El cineasta Pablo Berger (Bilbao, 1963) nos ha regalado, en este segundo largo de su todavía corta carrera, una pequeña obra maestra. Porque lo tiene todo, unas interpretaciones muy notables, una puesta en escena brillante, la esmerada fotografía en blanco y negro de Kiko de la Rica, una intensa partitura, emoción, tensión, cinefilia a raudales y un largo etcétera, que trataremos de no obviar en esta humilde reseña.
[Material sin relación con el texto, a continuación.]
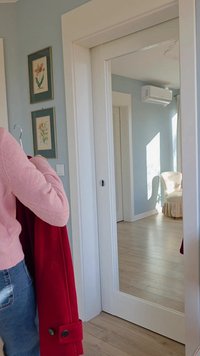 Červený vlněný kabát zavěšený na ramínku, světle růžový svetr, dřevěné podlahy, dva zarámované botanické tisky na světle modré stěně, velké zrcadlové dveře.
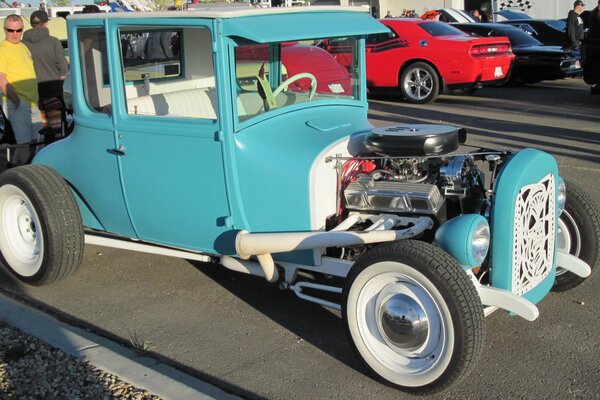 Photo of a classic blue Ford with an open engine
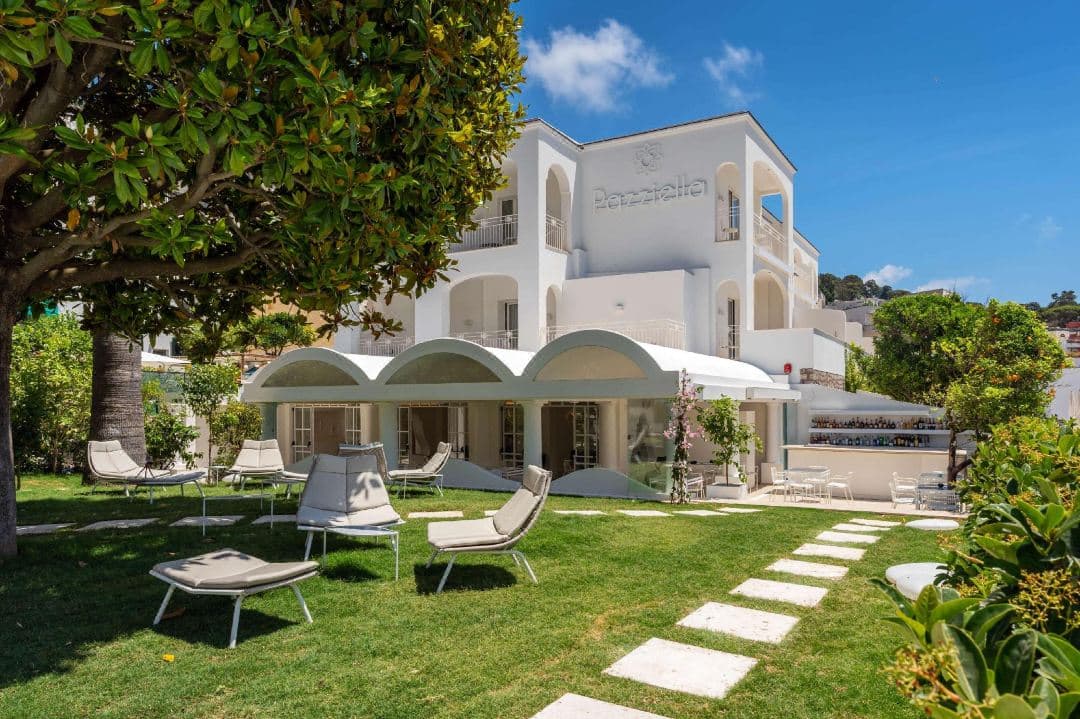 The intimate pool at Pazziella Garden & Suites shaded by a massive ancient magnolia tree with white lounge chairs.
Blancanieves es un melodrama con toques fantásticos (y de bizarría freak), que apela continuamente a nuestros más bajos instintos cinéfilos, que atesoramos en lo profundo de nuestra cabeza (y el corazón) y que muy pocas veces, y esta, afortunadamente, es una de ellas, encuentra imágenes que los percutan y hagan salir disparados. El guión, urdido por el propio Berger, sirve el drama desde las primeras secuencias. La primera parte de película, que se corresponde aproximadamente con su primer tercio, es un melo ‘de raíz’, que se ve como una magnífica sinfonía tras unas primeras secuencias introductorias que parecen y son un documental de época sobre la fiesta de los toros, con la gente aproximándose a la plaza y el ritual del vestuario del torero, los rezos en capilla para asegurar la suerte en la faena, el brindis al público y la exaltación del mismo, que nos traslada a una película de época de los años 20 o 30.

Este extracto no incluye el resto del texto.